What is the sum of a binomial series where the bionomials terms are raised to a power?: $ \sum\limits_{k=0}^\infty \binom{n}{k}^dx^k$

Question

We know that:

$$ \sum_{k=0}^\infty \binom{n}{k}x^k = (1+x)^n $$

Is there a closed-form expression to

$$ \sum_{k=0}^\infty \binom{n}{k}^dx^k, $$ where $d \in \Bbb{R} $? Can you help me? Thanks!

Answer 1

Here will be an attempt at a closed form for $d\in\Bbb N$:

You can rewrite it in terms of the Pochhammer symbol:

$$\sum_{k=0}^\infty \binom nk ^d x^k=Γ(n+1)^d\sum_{k=0}^\infty \frac{x^k}{Γ(k+1)^dΓ(n-k+1)^d}= Γ(n+1)^d\sum_{k=0}^\infty \frac{x^k}{\prod_{j=1}^d Γ(k+1)\prod_{j=1}^d Γ(n-k+1)}= Γ(n+1)^d\sum_{k=0}^\infty \frac{x^k}{\prod_{j=1}^d (1)_{k}\prod_{j=1}^d (1)_{n-k}} $$

Which can probably be put into a Generalized Hypergeometric function form using the following definition:

$$\,_p\text F_q(a_1,…,a_p;b_1,…b_q;z)=\sum_{k=0}^\infty \frac{\prod_{j=1}^p(a_j)_k\,z^k}{\prod_{j=1}^q(b_j)_k\,k!}$$

Let’s try and find a pattern:

$d=3:$

$$Γ(n+1)^3\sum_{k=0}^\infty \frac{x^k}{Γ(k+1)^3Γ(n-k+1)^3}=\,_3\text F_2(-n,-n,-n,1,1,x)$$ $d=4:$

$$Γ(n+1)^4\sum_{k=0}^\infty \frac{x^k}{Γ(k+1)^4Γ(n-k+1)^4}=\,_4\text F_3(-n,-n,-n,-n,1,1,1,x)$$

$d=d$:

$$\sum_{k=0}^\infty \binom nk ^d x^k = Γ(n+1)^d\sum_{k=0}^\infty \frac{x^k}{Γ(k+1)^dΓ(n-k+1)^d} =\boxed{\,_d\text F_{d-1}(-n,…,-n;1,…,1;x)}$$

where there are a $d$ amount of $-n$s and a $d-1$ amount of $1$s. I challenge you to try the $d\not\in\Bbb N$ case. The formula is surprisingly simple for a hypergeometric function. Please correct me and give me feedback!
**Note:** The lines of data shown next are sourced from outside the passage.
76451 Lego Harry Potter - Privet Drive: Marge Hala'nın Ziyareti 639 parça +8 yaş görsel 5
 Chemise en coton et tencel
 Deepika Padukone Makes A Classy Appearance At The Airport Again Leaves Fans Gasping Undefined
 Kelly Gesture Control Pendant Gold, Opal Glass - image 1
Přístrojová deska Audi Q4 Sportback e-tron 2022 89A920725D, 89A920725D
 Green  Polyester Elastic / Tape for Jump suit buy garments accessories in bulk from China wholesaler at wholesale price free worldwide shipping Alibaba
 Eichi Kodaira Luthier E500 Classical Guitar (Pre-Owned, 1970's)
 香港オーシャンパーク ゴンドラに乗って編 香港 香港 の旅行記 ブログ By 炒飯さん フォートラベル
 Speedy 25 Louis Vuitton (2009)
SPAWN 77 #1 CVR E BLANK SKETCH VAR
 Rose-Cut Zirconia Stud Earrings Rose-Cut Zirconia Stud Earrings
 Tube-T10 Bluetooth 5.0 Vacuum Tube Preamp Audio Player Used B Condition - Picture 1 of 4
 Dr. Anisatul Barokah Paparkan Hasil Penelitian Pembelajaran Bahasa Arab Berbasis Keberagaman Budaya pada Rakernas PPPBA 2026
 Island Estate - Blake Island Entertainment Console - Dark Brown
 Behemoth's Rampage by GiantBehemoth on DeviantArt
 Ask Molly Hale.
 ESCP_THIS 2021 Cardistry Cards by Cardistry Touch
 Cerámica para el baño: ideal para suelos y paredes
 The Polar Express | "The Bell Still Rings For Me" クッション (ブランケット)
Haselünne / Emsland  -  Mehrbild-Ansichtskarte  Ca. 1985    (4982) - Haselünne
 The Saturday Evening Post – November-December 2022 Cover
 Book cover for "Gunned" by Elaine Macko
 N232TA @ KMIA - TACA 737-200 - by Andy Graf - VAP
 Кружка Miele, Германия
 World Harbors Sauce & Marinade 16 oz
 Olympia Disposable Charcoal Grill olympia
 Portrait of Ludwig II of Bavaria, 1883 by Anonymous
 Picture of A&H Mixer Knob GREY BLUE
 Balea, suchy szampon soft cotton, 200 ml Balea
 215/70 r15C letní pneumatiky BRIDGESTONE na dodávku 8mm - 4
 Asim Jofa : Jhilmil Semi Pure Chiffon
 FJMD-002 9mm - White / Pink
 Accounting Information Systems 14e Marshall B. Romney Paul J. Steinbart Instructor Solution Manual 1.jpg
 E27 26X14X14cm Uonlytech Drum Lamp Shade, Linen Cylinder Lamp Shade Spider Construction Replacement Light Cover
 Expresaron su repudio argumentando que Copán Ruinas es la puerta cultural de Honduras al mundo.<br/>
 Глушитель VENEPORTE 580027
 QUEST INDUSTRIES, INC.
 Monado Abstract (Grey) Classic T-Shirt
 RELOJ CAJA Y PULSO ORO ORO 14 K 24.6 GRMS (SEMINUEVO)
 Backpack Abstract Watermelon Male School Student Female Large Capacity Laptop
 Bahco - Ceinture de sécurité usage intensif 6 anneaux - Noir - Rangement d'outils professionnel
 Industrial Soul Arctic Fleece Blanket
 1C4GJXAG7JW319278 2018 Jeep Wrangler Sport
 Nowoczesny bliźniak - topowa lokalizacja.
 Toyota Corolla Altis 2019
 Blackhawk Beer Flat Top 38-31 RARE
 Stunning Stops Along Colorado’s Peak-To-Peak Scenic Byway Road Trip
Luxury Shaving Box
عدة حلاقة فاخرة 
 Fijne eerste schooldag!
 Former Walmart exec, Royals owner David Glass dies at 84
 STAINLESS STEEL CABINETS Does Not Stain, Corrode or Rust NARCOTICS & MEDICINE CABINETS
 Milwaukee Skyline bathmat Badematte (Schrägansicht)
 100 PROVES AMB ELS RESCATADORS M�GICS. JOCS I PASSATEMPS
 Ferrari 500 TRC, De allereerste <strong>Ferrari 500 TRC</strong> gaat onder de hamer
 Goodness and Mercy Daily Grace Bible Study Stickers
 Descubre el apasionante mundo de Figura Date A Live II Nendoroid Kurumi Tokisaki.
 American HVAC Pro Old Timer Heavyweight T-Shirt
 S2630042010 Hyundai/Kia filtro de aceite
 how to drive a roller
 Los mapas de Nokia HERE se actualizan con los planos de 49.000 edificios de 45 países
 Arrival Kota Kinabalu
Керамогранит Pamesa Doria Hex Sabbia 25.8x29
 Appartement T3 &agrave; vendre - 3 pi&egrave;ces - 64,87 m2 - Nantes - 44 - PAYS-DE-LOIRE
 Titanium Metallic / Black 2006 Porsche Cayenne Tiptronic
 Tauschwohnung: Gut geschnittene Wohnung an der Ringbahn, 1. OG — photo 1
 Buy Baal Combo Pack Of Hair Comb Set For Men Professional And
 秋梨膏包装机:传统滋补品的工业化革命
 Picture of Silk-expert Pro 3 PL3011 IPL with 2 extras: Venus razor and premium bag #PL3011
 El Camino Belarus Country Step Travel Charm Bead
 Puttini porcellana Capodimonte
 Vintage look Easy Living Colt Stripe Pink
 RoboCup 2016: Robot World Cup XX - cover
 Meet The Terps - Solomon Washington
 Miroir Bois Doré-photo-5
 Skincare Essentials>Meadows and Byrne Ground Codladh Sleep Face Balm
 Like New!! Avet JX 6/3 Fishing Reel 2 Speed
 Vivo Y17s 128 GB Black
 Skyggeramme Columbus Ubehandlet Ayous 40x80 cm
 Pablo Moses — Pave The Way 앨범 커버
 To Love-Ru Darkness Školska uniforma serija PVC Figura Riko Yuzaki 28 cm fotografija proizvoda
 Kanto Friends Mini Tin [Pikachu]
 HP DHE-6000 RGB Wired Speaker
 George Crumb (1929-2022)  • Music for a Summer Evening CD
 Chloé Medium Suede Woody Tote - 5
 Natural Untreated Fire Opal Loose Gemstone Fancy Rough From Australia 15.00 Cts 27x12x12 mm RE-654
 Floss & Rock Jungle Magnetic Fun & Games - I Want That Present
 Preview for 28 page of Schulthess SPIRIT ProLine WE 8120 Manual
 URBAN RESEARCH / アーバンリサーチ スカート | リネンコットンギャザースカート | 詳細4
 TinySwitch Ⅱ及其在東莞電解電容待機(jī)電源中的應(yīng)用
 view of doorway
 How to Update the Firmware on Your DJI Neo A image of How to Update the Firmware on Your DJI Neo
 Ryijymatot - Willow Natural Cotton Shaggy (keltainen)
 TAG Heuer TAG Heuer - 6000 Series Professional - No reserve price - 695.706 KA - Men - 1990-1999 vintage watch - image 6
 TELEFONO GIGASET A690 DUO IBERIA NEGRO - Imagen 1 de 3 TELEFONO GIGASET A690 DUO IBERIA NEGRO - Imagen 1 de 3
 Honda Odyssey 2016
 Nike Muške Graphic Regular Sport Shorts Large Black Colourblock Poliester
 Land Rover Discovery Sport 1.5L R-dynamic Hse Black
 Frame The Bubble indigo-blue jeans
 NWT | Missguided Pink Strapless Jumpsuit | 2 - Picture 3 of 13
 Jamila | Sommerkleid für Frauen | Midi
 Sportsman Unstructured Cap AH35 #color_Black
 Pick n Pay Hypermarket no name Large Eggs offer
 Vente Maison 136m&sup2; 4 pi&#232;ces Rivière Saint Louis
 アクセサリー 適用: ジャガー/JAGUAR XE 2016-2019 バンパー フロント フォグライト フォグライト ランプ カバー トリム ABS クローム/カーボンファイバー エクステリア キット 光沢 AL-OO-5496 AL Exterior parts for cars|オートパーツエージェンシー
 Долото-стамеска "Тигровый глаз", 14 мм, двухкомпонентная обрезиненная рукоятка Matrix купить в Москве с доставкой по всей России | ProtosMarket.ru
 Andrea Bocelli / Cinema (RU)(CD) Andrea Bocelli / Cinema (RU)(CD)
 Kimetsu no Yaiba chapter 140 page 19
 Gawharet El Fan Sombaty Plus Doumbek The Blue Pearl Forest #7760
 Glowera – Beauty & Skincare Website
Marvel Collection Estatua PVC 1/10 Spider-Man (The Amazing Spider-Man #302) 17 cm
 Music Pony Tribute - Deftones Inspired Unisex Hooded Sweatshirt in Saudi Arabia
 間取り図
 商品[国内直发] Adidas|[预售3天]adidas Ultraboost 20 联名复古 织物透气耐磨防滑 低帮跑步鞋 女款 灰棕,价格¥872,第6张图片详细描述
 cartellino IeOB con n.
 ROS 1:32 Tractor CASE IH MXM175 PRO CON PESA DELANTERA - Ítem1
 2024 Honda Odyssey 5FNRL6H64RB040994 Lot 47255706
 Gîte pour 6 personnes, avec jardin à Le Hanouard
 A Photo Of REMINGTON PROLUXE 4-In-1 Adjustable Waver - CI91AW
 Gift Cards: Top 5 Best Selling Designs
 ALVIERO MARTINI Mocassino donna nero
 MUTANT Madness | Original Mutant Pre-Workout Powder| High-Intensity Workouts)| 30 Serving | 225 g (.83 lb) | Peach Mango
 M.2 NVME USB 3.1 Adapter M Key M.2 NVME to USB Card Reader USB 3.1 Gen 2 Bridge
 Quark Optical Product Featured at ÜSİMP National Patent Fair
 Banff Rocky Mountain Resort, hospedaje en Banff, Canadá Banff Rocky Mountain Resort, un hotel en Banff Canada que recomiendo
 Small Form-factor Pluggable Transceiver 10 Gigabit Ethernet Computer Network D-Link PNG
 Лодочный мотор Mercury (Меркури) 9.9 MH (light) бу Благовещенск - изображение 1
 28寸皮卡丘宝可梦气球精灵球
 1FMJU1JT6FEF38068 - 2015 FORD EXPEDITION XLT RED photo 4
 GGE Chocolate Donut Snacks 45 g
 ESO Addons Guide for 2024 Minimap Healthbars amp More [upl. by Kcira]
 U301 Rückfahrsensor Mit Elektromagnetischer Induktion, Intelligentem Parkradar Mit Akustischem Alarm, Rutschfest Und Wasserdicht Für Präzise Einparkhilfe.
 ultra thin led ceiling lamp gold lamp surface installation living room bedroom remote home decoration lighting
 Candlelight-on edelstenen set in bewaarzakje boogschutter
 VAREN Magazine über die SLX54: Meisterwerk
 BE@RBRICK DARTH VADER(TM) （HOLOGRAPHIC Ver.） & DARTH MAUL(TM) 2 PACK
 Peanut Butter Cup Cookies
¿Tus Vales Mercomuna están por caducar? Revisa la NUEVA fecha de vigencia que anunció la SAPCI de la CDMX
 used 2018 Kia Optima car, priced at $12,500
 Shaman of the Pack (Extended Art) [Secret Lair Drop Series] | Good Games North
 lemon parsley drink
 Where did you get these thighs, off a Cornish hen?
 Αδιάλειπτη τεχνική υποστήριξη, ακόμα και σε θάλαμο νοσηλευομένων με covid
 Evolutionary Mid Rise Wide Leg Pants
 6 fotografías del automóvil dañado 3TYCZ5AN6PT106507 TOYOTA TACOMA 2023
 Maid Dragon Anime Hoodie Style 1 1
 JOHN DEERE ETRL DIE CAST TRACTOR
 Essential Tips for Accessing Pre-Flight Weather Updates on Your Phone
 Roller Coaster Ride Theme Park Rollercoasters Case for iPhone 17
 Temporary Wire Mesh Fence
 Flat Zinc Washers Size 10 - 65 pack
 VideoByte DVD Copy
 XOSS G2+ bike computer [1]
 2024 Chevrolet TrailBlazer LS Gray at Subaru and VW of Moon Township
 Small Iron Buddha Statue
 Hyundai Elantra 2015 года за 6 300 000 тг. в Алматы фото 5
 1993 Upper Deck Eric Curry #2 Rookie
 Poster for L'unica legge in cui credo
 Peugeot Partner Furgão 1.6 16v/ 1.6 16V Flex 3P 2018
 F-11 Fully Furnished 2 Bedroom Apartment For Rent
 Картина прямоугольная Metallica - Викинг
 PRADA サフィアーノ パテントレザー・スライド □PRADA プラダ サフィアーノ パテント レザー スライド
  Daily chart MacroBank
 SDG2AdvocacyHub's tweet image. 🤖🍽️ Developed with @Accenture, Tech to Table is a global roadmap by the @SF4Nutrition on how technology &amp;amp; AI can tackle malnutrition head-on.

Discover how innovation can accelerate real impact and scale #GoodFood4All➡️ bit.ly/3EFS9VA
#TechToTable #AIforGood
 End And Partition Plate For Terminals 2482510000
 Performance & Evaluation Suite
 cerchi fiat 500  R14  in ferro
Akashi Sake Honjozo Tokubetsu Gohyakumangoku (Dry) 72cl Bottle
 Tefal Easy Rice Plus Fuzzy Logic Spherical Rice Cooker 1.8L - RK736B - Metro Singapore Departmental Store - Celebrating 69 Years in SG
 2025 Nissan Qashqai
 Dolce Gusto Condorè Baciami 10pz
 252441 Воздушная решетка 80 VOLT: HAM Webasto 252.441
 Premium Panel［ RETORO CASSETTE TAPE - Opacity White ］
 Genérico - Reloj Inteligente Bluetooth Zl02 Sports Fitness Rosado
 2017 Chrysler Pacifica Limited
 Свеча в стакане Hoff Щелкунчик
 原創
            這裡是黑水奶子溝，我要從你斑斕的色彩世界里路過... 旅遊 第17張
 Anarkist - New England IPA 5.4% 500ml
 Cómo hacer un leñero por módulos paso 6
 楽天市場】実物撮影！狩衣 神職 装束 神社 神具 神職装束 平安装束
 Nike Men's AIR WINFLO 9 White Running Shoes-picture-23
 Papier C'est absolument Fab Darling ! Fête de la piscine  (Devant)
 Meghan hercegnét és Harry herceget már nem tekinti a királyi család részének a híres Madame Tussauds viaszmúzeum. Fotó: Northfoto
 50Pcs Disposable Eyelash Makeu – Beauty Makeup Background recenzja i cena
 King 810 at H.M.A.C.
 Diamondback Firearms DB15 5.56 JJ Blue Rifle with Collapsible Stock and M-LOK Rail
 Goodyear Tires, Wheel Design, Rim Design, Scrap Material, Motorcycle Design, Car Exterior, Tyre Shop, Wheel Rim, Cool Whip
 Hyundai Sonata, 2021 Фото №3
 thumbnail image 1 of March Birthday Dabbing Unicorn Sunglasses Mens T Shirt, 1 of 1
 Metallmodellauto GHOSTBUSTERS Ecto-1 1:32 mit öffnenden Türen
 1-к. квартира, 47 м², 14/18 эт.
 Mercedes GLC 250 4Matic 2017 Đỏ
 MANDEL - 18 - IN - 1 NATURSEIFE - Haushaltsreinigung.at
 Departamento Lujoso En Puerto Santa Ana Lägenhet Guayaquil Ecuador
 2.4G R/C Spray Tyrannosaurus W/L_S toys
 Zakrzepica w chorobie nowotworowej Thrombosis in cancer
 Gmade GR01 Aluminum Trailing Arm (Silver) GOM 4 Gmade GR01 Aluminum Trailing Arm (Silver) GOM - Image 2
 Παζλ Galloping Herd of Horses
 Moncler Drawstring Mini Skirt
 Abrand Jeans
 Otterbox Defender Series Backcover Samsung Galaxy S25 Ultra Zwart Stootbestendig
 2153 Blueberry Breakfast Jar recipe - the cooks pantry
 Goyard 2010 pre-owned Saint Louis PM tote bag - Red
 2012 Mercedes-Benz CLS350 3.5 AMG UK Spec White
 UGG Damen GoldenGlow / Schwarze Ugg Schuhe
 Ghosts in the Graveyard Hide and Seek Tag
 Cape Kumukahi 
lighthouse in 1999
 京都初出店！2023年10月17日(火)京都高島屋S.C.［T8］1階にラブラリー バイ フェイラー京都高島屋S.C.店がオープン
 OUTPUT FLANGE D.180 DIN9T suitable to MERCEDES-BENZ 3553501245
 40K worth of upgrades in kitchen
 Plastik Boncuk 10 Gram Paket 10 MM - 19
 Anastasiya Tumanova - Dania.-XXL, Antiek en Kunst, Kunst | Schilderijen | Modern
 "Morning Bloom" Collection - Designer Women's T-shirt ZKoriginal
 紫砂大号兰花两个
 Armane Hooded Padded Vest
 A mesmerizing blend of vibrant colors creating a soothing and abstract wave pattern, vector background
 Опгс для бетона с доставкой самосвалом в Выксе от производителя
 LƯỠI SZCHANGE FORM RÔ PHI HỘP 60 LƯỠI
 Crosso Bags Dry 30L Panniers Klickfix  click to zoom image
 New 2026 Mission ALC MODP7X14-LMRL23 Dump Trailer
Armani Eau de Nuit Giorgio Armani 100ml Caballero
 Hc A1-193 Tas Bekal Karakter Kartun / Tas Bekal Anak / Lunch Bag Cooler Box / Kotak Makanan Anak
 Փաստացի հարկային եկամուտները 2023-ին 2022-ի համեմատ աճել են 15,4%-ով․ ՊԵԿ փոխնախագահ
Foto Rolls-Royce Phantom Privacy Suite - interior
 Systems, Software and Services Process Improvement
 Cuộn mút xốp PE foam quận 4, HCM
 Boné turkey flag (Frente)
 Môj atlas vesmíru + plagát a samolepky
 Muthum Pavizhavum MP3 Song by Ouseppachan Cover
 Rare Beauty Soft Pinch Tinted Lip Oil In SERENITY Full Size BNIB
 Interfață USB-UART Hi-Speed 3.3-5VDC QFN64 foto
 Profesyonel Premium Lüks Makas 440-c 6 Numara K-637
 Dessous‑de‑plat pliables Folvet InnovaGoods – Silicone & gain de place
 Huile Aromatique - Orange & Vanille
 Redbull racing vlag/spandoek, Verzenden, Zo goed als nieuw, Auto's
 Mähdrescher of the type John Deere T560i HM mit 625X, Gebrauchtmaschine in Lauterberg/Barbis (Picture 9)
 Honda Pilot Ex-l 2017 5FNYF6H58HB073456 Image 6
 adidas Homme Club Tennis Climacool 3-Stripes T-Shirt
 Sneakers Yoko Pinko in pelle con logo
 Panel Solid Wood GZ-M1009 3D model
Here is an attempt to find a closed form for the following. Instead of writing out the full sum, let’s define:

$$S(n)\mathop=^\text{def}\sum_{k=0}^\infty\binom nk ^\frac12$$

It is linked to polynomial roots/ values of a trigonometric for $\frac \pi n$ because:

$$S(-1)=\lim_{n\to\infty} n+1+ni=\infty(1+i)$$$$S(0)=1$$$$S(1)=2$$$$S(2)=\sqrt 2+1=\text{Silver Ratio}$$$$ S(3)=1+2\sqrt 3$$$$S(4)=6+\sqrt 6$$$$S(5)=2+2\sqrt{5(3+2\sqrt2)}$$$$S(6)=2\sqrt6+2(\sqrt {15}+\sqrt 5+1)$$$$S(7)=2(1+\sqrt 7+\sqrt {21}+\sqrt 35)$$$$S(24)=2(1+2\sqrt 6+2\sqrt{69}+2\sqrt{506}+6\sqrt{9614}+4\sqrt{10626}+2\sqrt{33649}+7\sqrt{81719}+4\sqrt{156009}+\sqrt{490314}+\sqrt{676039})$$

and so on as the sum gets increasingly larger. Can you find a pattern form for $$S(n)\mathop=^\text{def}\sum_{k=0}^\infty\binom nk ^\frac12?$$ Notice how $S(7)=2(1+\sqrt 7+\sqrt {3\cdot 7}+\sqrt {5\cdot7})$ and try to rewrite the binomial coefficient.